The mother of the music legend, Fela Kuti, was born this day, 25th of October in 1900.
Google is posthumously celebrating her today with a Google Doodle, a special temporary stylisation of the Google logo.
She was a teacher, political campaigner, women’s rights activist, and a traditional aristocrat. Most people only know her as being the first Nigerian woman to drive a car.
Funmilayo Ransome Kuti shouldn't just be known as Fela's mum. She was revolutionary. A true Feminist! Sadly, all they ever taught us about her in pry school was that she was the first woman to drive a car. https://t.co/nMI4Xm2eAS
— Yettie™? (@yettieShuga) October 25, 2019
Born as Francis Abigail Olufunmilayo Thomas, Funmilayo Ransome-Kuti achieved many firsts. She was the first female student at the Abeokuta Grammar school where she completed her secondary school. Afterwards, she went to England to study. Then she returned to Nigeria to become a teacher.
She was a very powerful force that advocated for the Nigerian woman’s right to vote.
Her activism earned her the title of the Doyenne of female rights in Africa as well as her being called the ‘Mother of Africa’.
She was a mother to Fela Anikulapo Kuti, a musician; Beko Ransome-Kuti, a doctor; and Professor Olikoye Ransome-Kuti, a doctor and one-time health minister of Nigeria. She was also grandmother to musicians Seun Kuti and Femi Kuti.
In the 1920s, Ransome-Kuti organised literacy classes for women and started a nursery school in the 1930s.
In 1942, She founded the Abeokuta Ladies’ Club (ALC) for educated ladies involved in charity. The club later became the Federation of Nigerian Women’s Societies (FNWS). She founded this group to fight for women’s rights and it included women from all parts of Nigeria, and as such had to be expanded.
Ransome-Kuti was a member of the political party Nigeria Council of Nigeria and the Cameroons (NCNC) and was the only woman in the party’s delegation to London in 1947 to kick off negotiations for self-governance from the colonial government.
https://twitter.com/historyintwits/status/1187642628894015488?s=20
She was later expelled from the party for failing to obtain a Federal parliamentary seat.
She continued her activism, though, with her sons’ activism overshadowing hers in the latter days of her life.
In 1978, 1000 soldiers surrounded her son Fela’s compound, a place known as the Kalakuta Republic. Funmilayo Ransome-Kuti was thrown from a third-floor window. She went into a coma in February 1978 and died on the 13th of April 1978 from injuries sustained during the fall.
Fela would later sing about the incident in his song, Unknown Soldier (1979). The song includes lyrics such as:
“One thousand soldiers them dey come/People dey wonder, dey wonder, dey wonder
“Where these one thousand soldiers them dey go?/Look o/Na Fela house Kalakuta/Them don reach the place, them dey wait/Them dey wait for…
“Order!
“Fela dey for house/Beko dey there too/Them mama dey there too/Beautiful people dey there too
“Them throw my mama out from window/Them kill my mama/Them kill my mama”

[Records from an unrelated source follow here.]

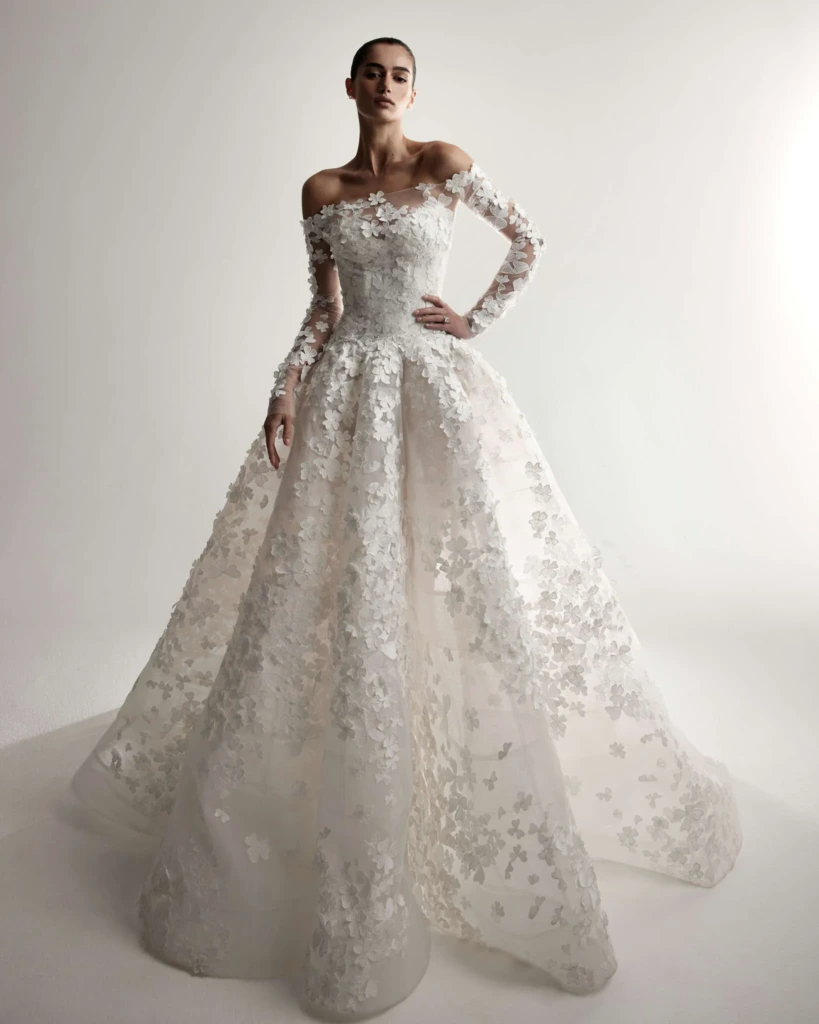 Monique Lhuillier 2026 koleksiyonundan, off-shoulder yakalı, uzun kollu ve üç boyutlu çiçek detaylı romantik ve ihtişamlı gelinlik modeli.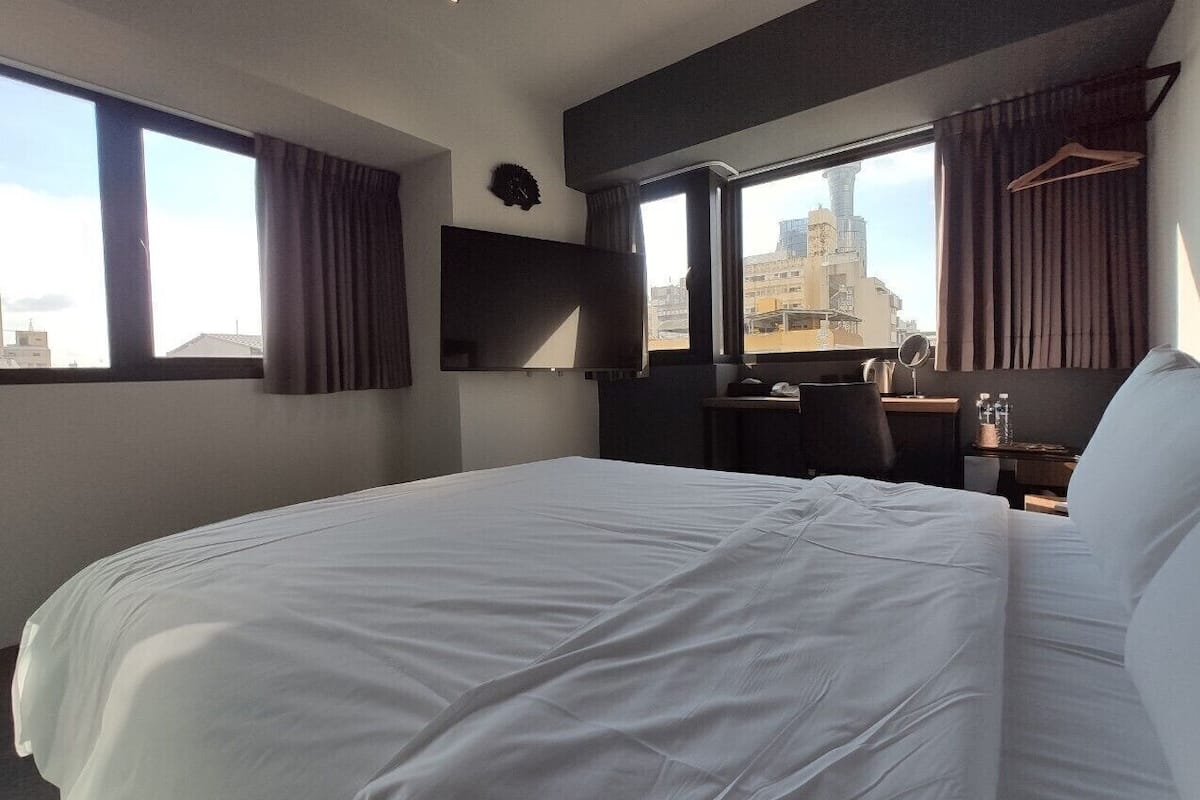 A hotel room with a large bed, a desk, a chair, a TV, and a view of the cityscape.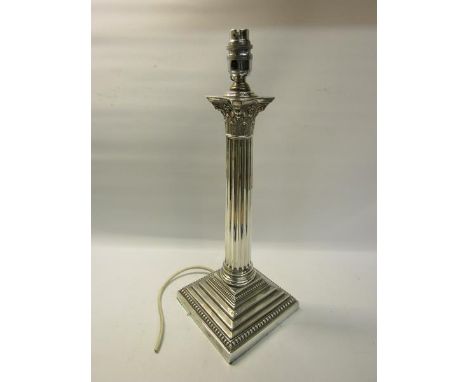 An Edwardian silver Corinthian column table lamp with electrical fittings.  Makers mark for Goldsmiths &amp; Silversmiths Co.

This is not the first time that Google is honouring a Nigerian citizen on Google Doodle. On 21 July 2019, the technology company featured late Nigerian writer, Buchi Emecheta on what would have been her 75th birthday.
Late Nigerian footballer Sam Okwaraji, who slumped and died during a match between Nigeria and Angola on 12th August 1989, was also honoured by Google on what would have been his 55th birthday on 20th May 2019.
Nigerian writer Chimamanda Ngozi Adichie was one of the women honoured on Google Doodle during the 2019 Internation Women’s Day that took place in March. Adichie was the only African among the 13 women that were featured.
Many Nigerians do not know about Funmilayo Ransome-Kuti but by featuring her on Google Doodle, Google reminds us of her great contribution to the fight for the emancipation of women through girl education, civil right and shattering the status quo. Her courage would forever shine as an example for young women, in particular, that they can strive for whatever they believe in. And today, in what would have been her 119th birthday, we join Google in honouring the ‘Mother of Africa’, Funmilayo Ransome-Kuti.